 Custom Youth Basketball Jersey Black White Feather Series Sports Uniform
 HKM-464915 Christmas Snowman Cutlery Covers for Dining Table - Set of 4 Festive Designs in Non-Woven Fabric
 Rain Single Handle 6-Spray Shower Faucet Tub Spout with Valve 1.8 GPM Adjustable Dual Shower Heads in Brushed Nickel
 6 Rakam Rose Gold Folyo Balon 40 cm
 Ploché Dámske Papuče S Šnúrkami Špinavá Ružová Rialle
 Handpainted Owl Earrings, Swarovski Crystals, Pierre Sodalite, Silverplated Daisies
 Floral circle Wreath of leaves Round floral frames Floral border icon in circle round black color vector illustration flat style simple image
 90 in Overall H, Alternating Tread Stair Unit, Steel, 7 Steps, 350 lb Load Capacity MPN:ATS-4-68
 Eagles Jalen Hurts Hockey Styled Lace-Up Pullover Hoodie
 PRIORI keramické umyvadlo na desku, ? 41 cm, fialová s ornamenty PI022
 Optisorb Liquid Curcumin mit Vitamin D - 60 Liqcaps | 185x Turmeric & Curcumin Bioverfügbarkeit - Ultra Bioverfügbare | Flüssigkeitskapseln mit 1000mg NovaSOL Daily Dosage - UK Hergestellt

---

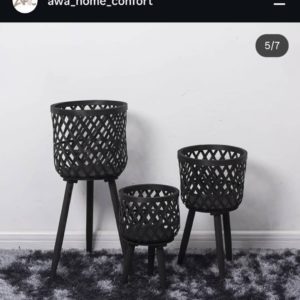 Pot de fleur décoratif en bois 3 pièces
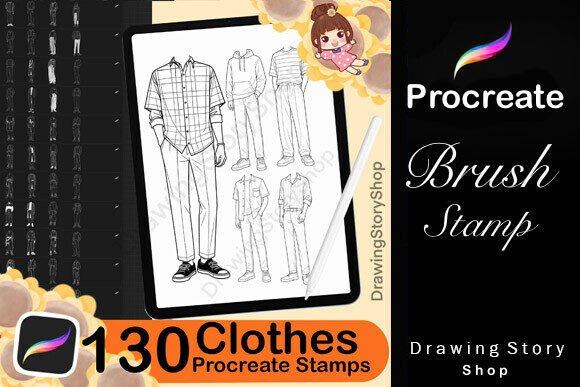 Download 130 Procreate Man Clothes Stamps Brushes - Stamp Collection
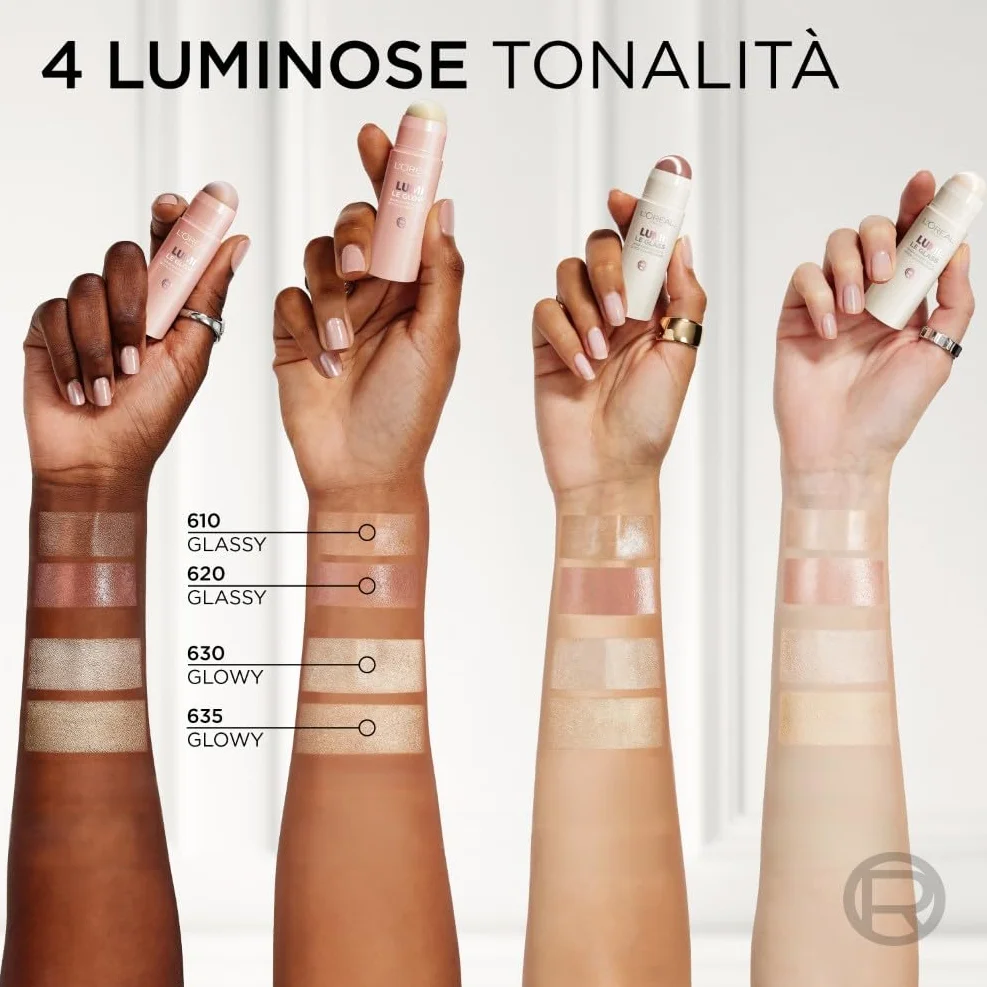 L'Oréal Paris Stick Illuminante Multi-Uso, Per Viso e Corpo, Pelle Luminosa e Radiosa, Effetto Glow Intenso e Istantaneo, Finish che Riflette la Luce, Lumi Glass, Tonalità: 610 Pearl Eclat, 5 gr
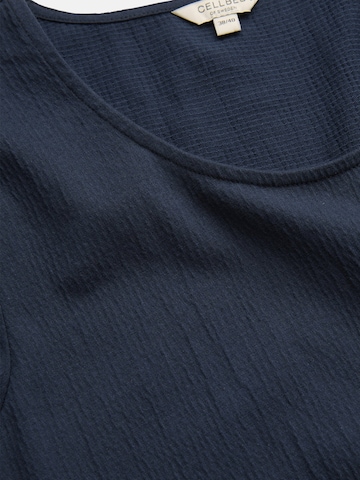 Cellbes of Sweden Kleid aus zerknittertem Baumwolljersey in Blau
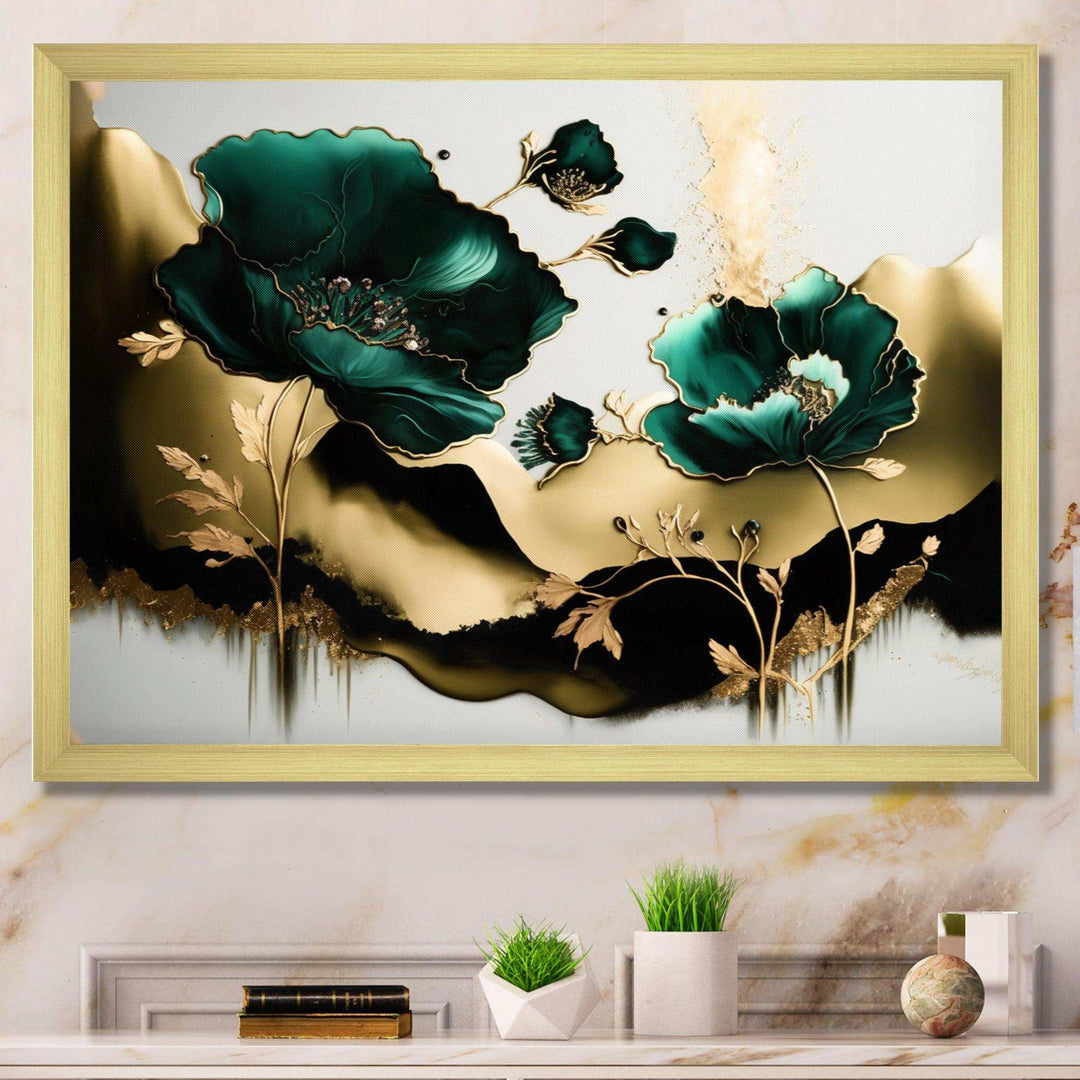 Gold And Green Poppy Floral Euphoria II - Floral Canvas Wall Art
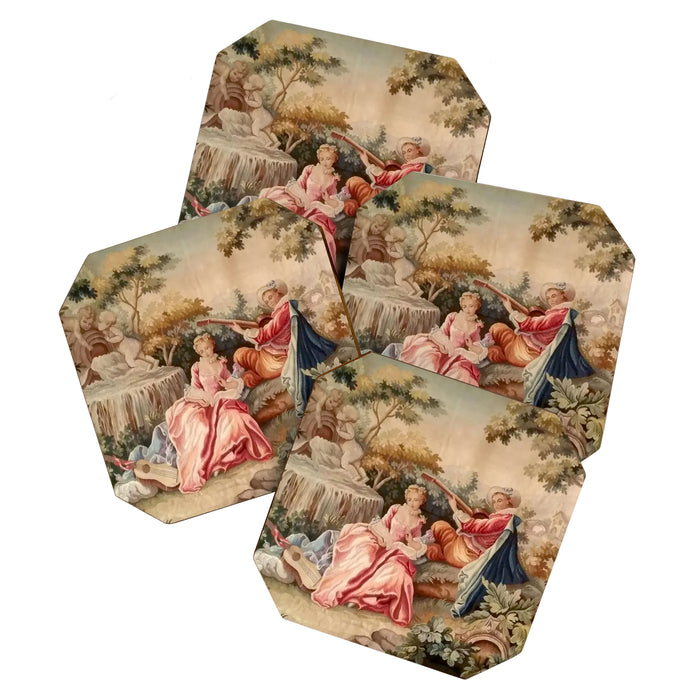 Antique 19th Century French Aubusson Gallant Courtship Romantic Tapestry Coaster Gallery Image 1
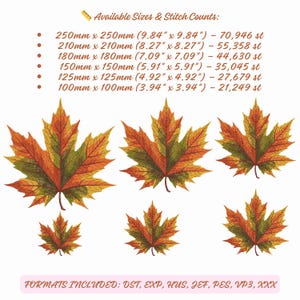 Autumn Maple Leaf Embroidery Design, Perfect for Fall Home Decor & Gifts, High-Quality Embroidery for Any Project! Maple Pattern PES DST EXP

# Prompt
In the listing above, find the line holding "Ploché Dámske Papuče" and the line holding "Handpainted Owl Earrings, Swarovski", then output those two lines and every line between them exactly.

# Solution to this problem
 Ploché Dámske Papuče S Šnúrkami Špinavá Ružová Rialle
 Handpainted Owl Earrings, Swarovski Crystals, Pierre Sodalite, Silverplated Daisies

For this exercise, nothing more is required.